Automatically choose GPU

fsasf1312 · September 24, 2020, 7:50am

Is there any way that PyTorch automatically picks the GPU without putting all created tensors on the GPU with .cuda()/.to(device).
In TensorFlow it chooses the GPU automatically, is there a reason why PyTorch doesn‘t do this?

tom · September 24, 2020, 10:31am

Something like this is discussed in Issue 27878.
The thing is that it introduces a global context which isn’t regarded that faviourably. Also there are concerns about backward compatibility.

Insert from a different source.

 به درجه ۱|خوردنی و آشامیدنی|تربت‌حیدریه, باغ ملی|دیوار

If you want to show off your non-conforming hacker nature, you could do

def force_device(device):
    for name in [n for n, f in inspect.getmembers(torch) if inspect.isbuiltin(f) and f.__doc__ is not None and 'device=' in f.__doc__]
        oldfn = getattr(torch, name)
        def factory(*args, **kwargs):
            if kwargs.get('device') is None:
                kwargs['device'] = device
            return oldfn(*args, **kwargs)
        functools.update_wrapper(factory, oldfn)
        setattr(torch, name, factory)

Best regards

Thomas

fsasf1312 · September 25, 2020, 10:42am

Thank you for your answer @tom

Basically I moved my model and the image and label to the chosen device which is set as an input of my main file. Now I have methods in my model where I create intermediate tensors (torch.zeros or torch.ones for example) and want to allocate them on the chosen device of the model. Unfortunately, these tensors are not parameters and moving the model on the chosen device doesn‘t create these tensors automatically on the device which the model is allocated to. So I have to use the device as an input of the model so that the methods can use it as an input. Is there a better way to do this other than having the device object as an input in methods where tensors are created?

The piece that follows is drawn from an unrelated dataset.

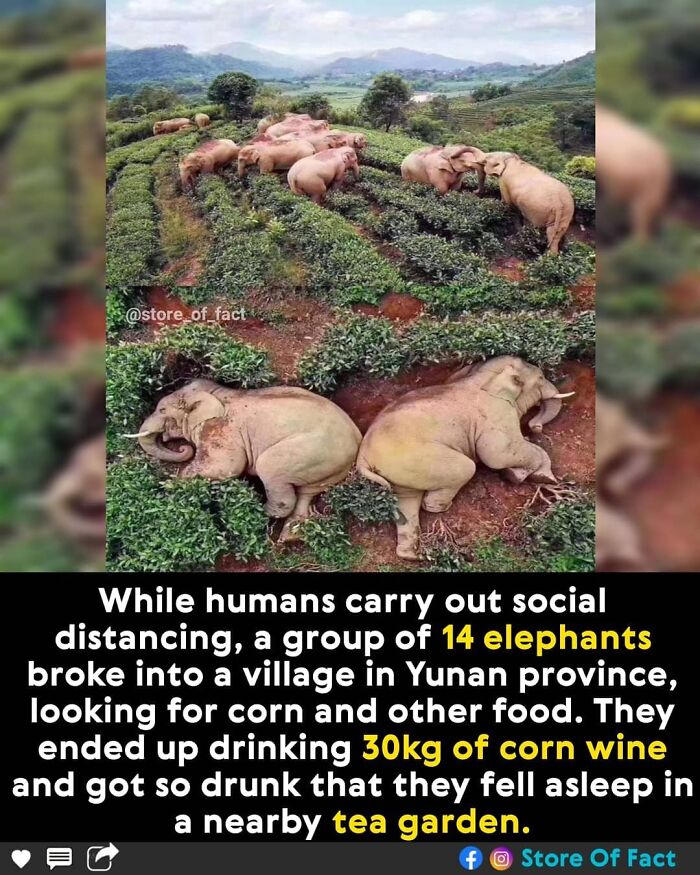 Store-Of-Crazy-Interesting-Facts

tom · September 25, 2020, 12:18pm

So the best practice depends on the situation:

if they’re created once and then kept around and possibly updated, use buffers (m.register_buffer(…)). The optimizers won’t care about them, but they’ll be part of the state dict and loaded and saved etc. They will also be moved/cast along with the model in m.to. This is, for example, where batch norm tracks its parameters.
if you create newly while processing input, it is customary to either use the input or “any parameter” (next(n.parameters())) to get the device (and dtype).
There actually is another way: Tensors have .new_....(...) methods that some people like to use to get the device automatically. I must admit that to my mind this isn’t worth it and it overemphasizes the connection between the existing and the new tensor, so I would recommend to use the device= (and dtype=) keyword arguments. It also seems a bit more in the spirit of “there should be preferably only one way to do it” in the Zen of Python). Note that .new itself is something different and officially deprecated, but .new_... is considered OK by everyone but me.

Best regards

Thomas